Work to complete - Print the data below verbatim, minus images.

========

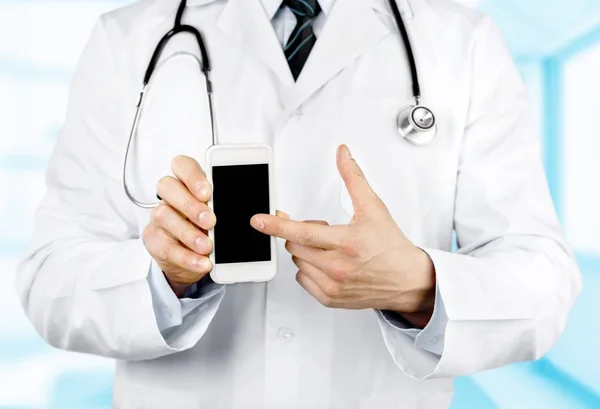 Médico apontando para smartphone — Fotografia de Stock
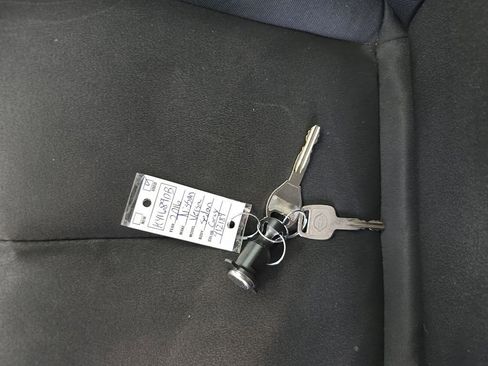 Used 2016 Nissan Versa S Plus image 32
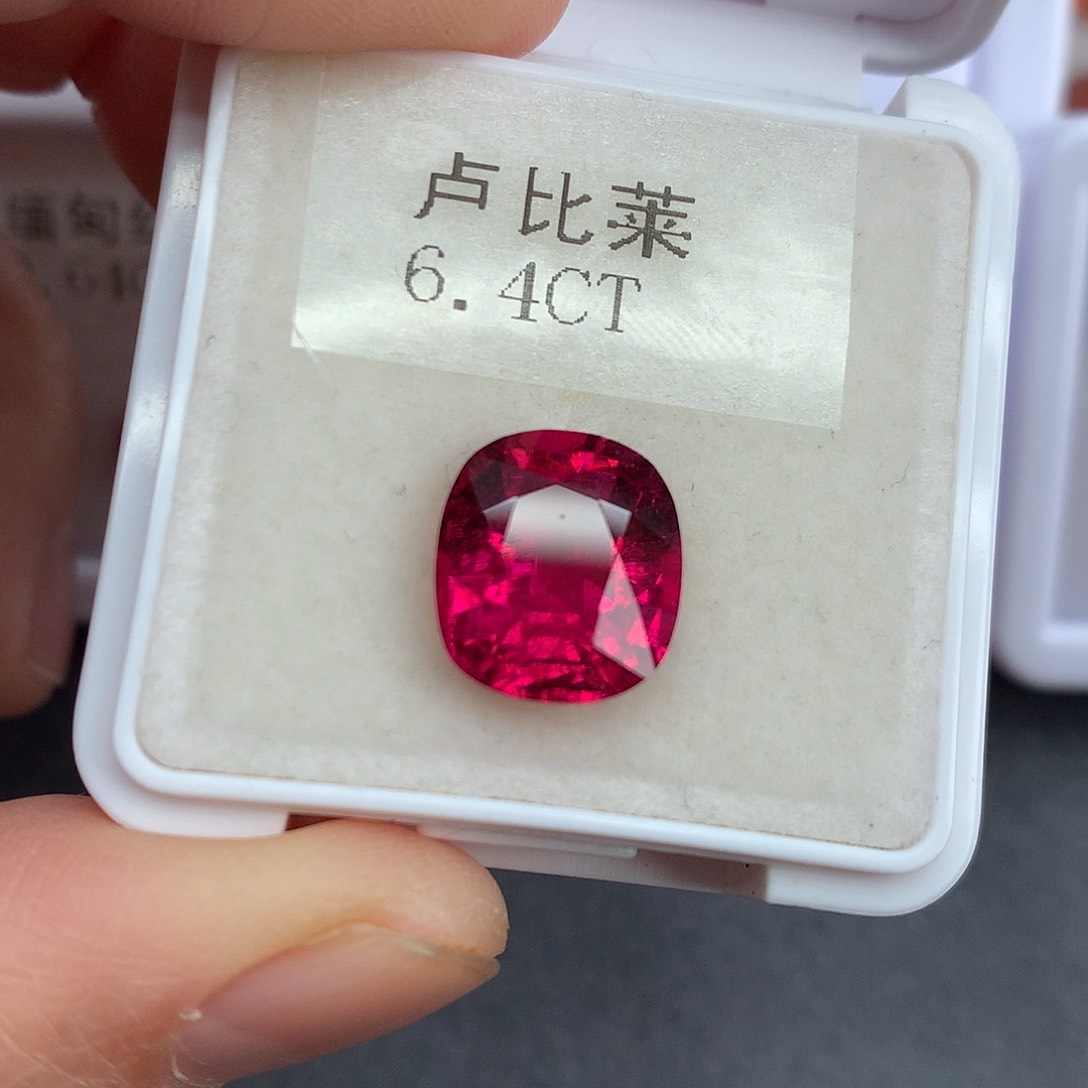 红色碧玺6.4克拉裸石未镶嵌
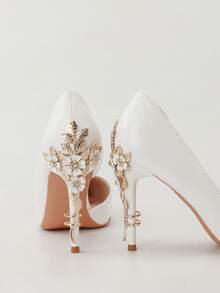 Zapatos de mujer estilo europeo y americano de lujo y sexys, tacón de aguja con flor de metal, diseño hueco lateral, tacón alto, zapatos de boda con punta fina, tacón súper alto, tacones elegantes para damas, zapatos elegantes de mujer, tacón alto cerrado, tacones slip-on, zapatos elegantes para damas - Blanco - Ver 3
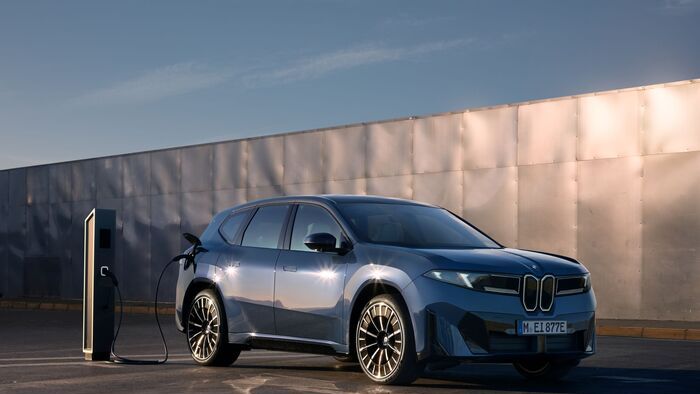 BMW iX3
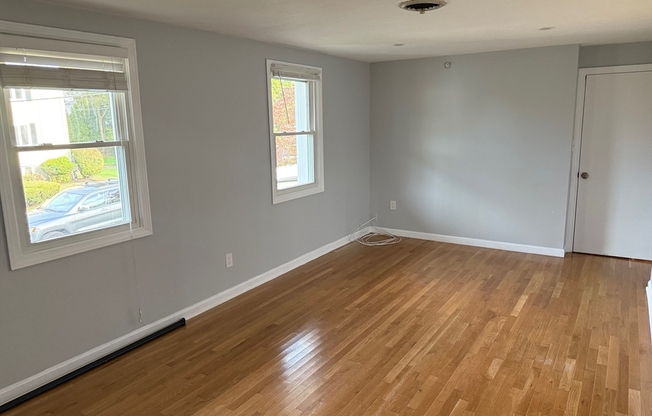 30 ELMWOOD PARK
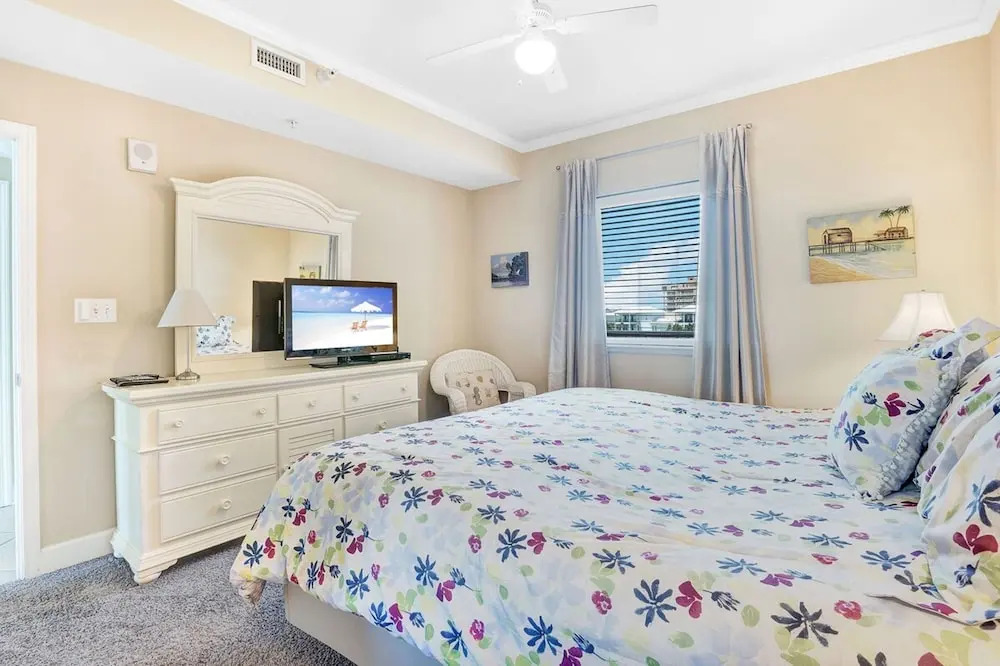Sanibel 306- Pool Beach Floor-2-ceiling Windows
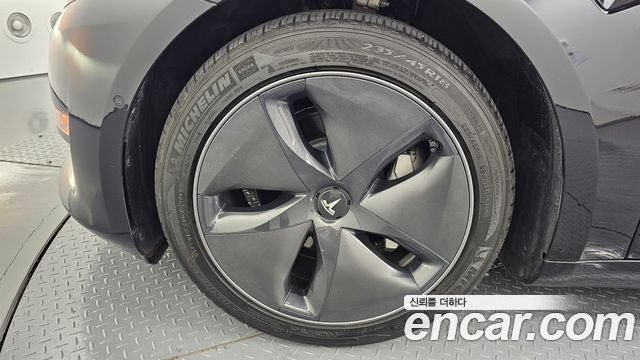 Tesla Model 3 Long Range AWD — пробег 30 433 км — фото 5 из 5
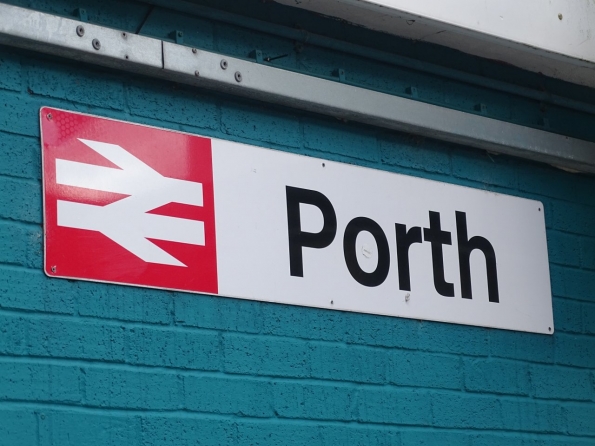 Porth railway station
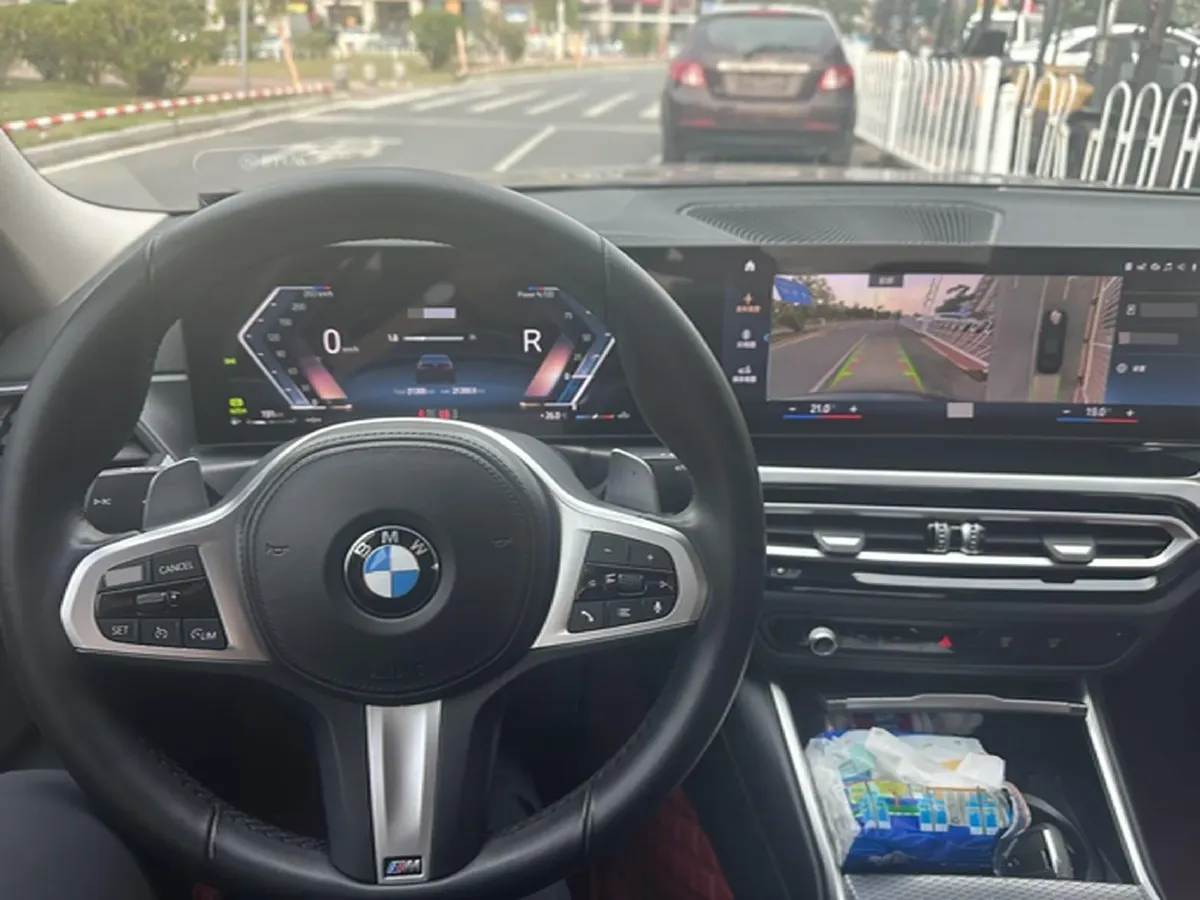 2023 BMW 3 Series 2.0T 184HP L4 8AT,autocango,china used car exporter,china ev exporter,chinese used car exporter,chinese used ev exporter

========

Answer box -
 Médico apontando para smartphone — Fotografia de Stock
 Used 2016 Nissan Versa S Plus image 32
 红色碧玺6.4克拉裸石未镶嵌
 Zapatos de mujer estilo europeo y americano de lujo y sexys, tacón de aguja con flor de metal, diseño hueco lateral, tacón alto, zapatos de boda con punta fina, tacón súper alto, tacones elegantes para damas, zapatos elegantes de mujer, tacón alto cerrado, tacones slip-on, zapatos elegantes para damas - Blanco - Ver 3
 BMW iX3
 30 ELMWOOD PARK
Sanibel 306- Pool Beach Floor-2-ceiling Windows
 Tesla Model 3 Long Range AWD — пробег 30 433 км — фото 5 из 5
 Porth railway station
 2023 BMW 3 Series 2.0T 184HP L4 8AT,autocango,china used car exporter,china ev exporter,chinese used car exporter,chinese used ev exporter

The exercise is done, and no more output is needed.